As an essential part of cloud native architecture, microservices are applications built from loosely coupled, independently deployable services. Microservices usually communicate with each other via lightweight protocols like HTTP, messaging queues, or event streams. Event-driven architecture is often the best way to implement microservices, because it promotes greater modularity, fault tolerance, and scalability.
Event-driven architecture (EDA) is a pattern of software design that enables systems to detect, process, communicate, and respond to events in real time. EDA communicates events as soon as they happen, enabling any person, service, or event-driven application that needs to know about an event to respond in real time.
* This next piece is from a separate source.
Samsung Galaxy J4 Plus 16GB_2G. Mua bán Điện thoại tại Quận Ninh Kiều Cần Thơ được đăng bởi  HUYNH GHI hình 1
Asynchronous messaging and loose coupling are two important aspects of event-driven architecture. Asynchronous communication replaces the traditional “request and response” architecture in which services must wait for a reply before moving on to perform a task. This allows for easier integration and makes systems more scalable, since they can handle higher volumes of real-time data with low latency. It also allows for related systems to be decoupled or loosely coupled. This means apps and services can communicate with each other by publishing and consuming events without knowing much else about the other system. As a result, event-driven systems can scale quickly and are highly resilient to failure, since the system can continue functioning even if one component is unavailable. EDA also is well suited for real-time processing and handling large volumes of data, as components can react to events — and process data as it arrives — without waiting for a complete dataset.
What is an event?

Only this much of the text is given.